When did you first consider yourself a writer?
Always. I’ve been
telling myself bedtime stories since I can remember, and I wrote my first
“book” when I was 9. However, I didn’t take it seriously until after my first
child was born. Nothing like a baby to make you realize that 1) time is not
infinite and 2) if you have any dreams, they have to actually be acted upon if
you are to realize them.
 
Do you write full-time? If so, what’s your work day
like? If not, what do you do other than write and how do you find time to
write?
I keep thinking I’d
like to write full time, but I actually like teaching at the university.
 
I find time to write
by doing it first. I try to write an hour each weekday BEFORE I grade or do
anything else work-related. That way, when I’m exhausted, melted in front of
the TV after the kids are in bed, I can watch my mindless shows without any
guilt.
 
What would you say is your interesting writing quirk?
I like to write fast.
I normally write first drafts in a month or so.
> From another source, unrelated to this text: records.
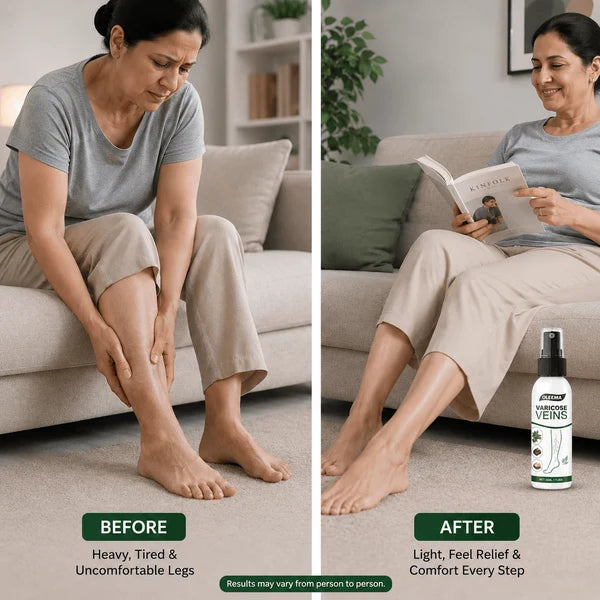 MD Varicose vein spray Targeted Care. Easy Application. Better Leg Comfort. Promo Banner
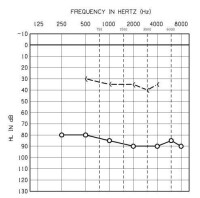 混合性聽力損失的示意聽力圖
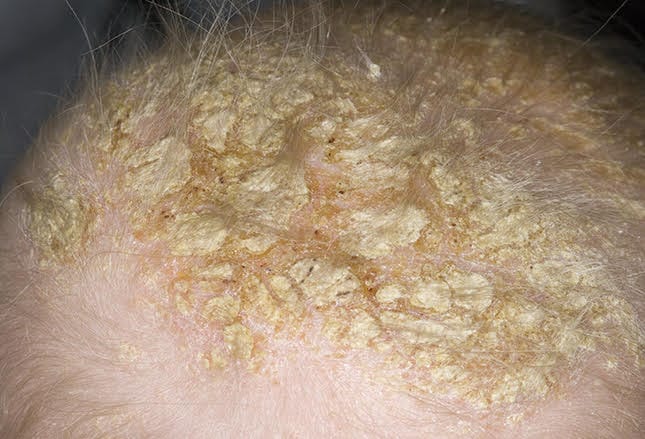 11-common-to-rare-infant-skin-conditions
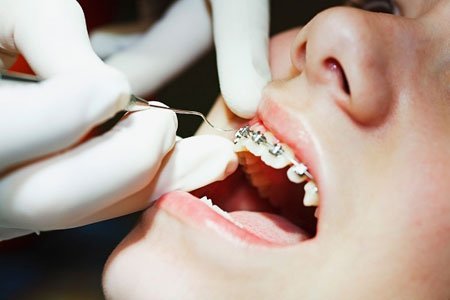 Điều trị chỉnh hình răng mặt 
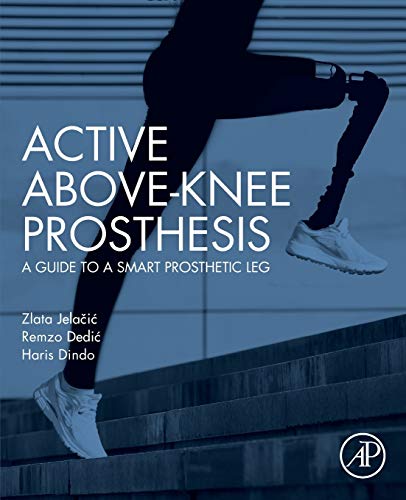 Book Active Above-Knee Prosthesis: A Guide to a Smart Prosthetic Leg free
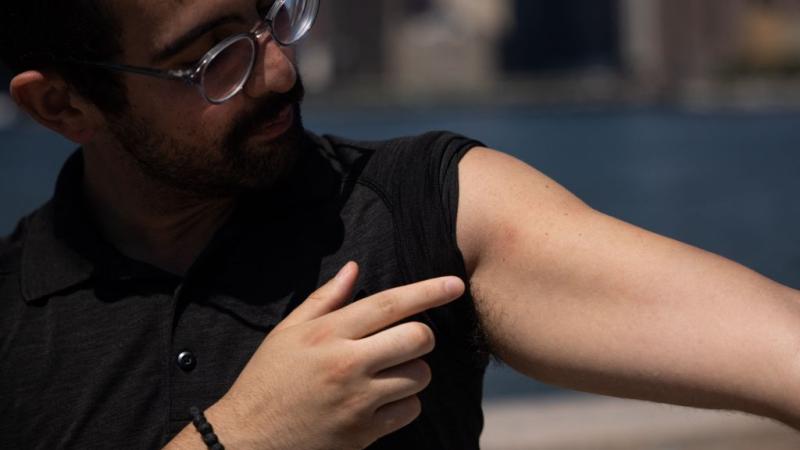 A monkeypox patient shows off scars from the lesions, New York, July 19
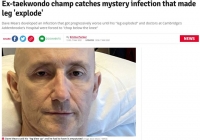  AZ 백신 맞은 태권도 세계 챔피언 다리 절단…'원인 몰라'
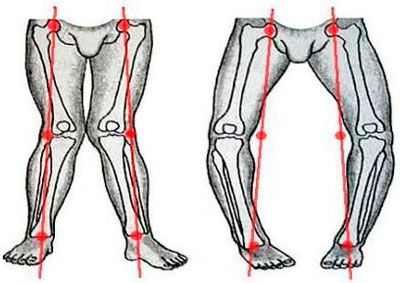 деформация ног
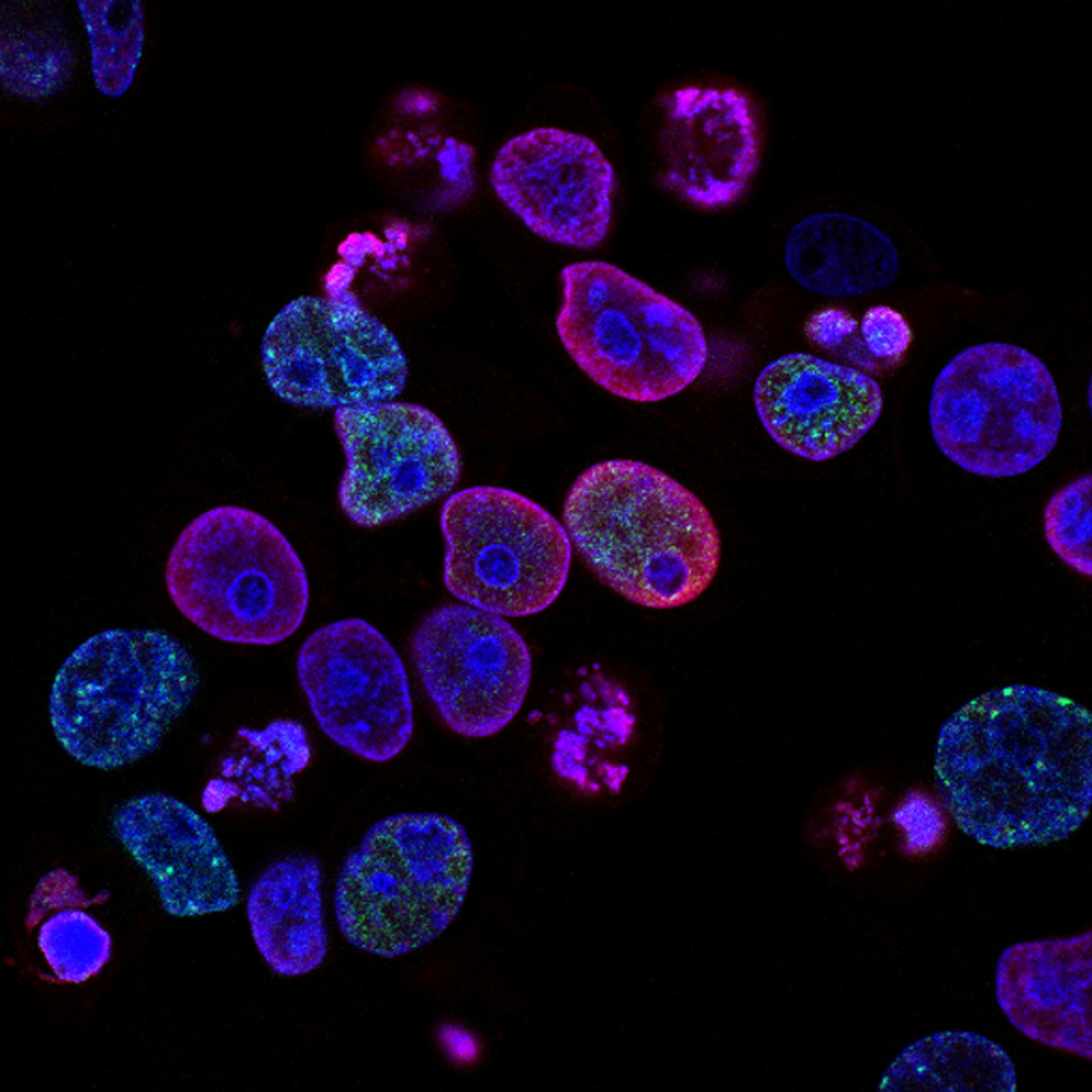 Analyse microbiologique au microscope dans le laboratoire LABSCO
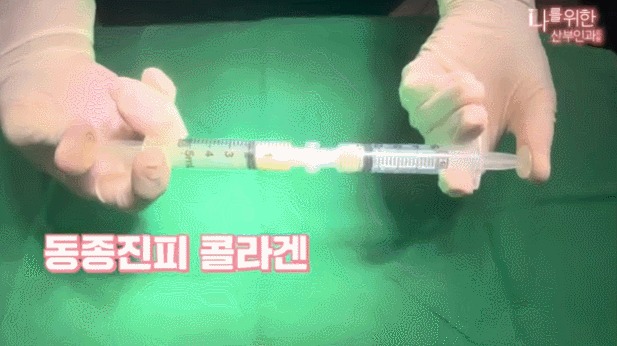 강남질필러5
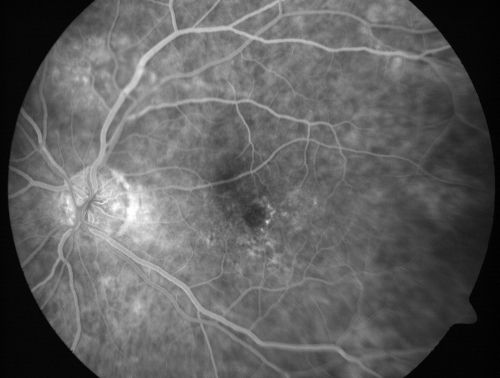 Vitreomacular traction with traction over retinal vessels in non-diabetic - Fluorescein leakage in areas of traction - Progressing vision loss left eye
80-year-old woman had vitrectomy surgery done in the right eye in 2007. Vision has been poor since despite a good anatomical result. Recently her vision in the left eye has been declining.  The vision has declined in the left eye. Vision OD is 20/160, OS is 20/80
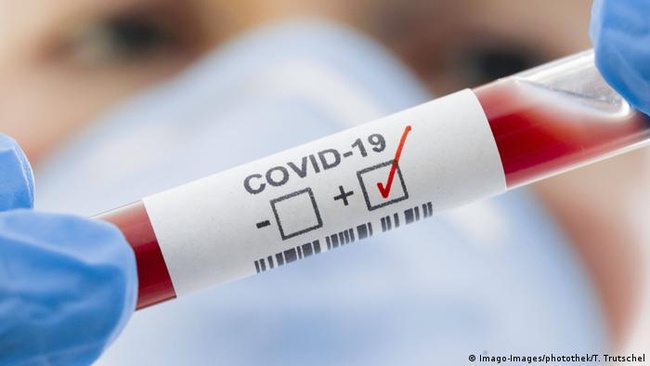 В Україні встановлений антирекорд за кількістю нових випадків COVID-19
The drafts are terrible and I
usually have to work months to get the next drafts to where I like them. I love
writing fast because it frees me to work on story and keeps me from getting bogged
down in the little stuff.
 
As a child, what did you want to be when you grew up?
This. I wanted to be
a writer and a professor. Granted, I’m an adjunct and a baby writer, but here I
am.
 
For a while, I wanted
to be a veterinarian. Then I realized the gross things they actually do. Now I
write about the gross things they do. And I only have to take one shower a day.
🙂
 
Anything additional you want to share with the
readers?
Keep an eye out for
the prequel to Fuzzy Logic, and also for my new book Closing the
Store
. It’s the story of a woman who runs for President, and then
accidentally calls a sex strike.
 
Links:
Thanks for being here today, Maren!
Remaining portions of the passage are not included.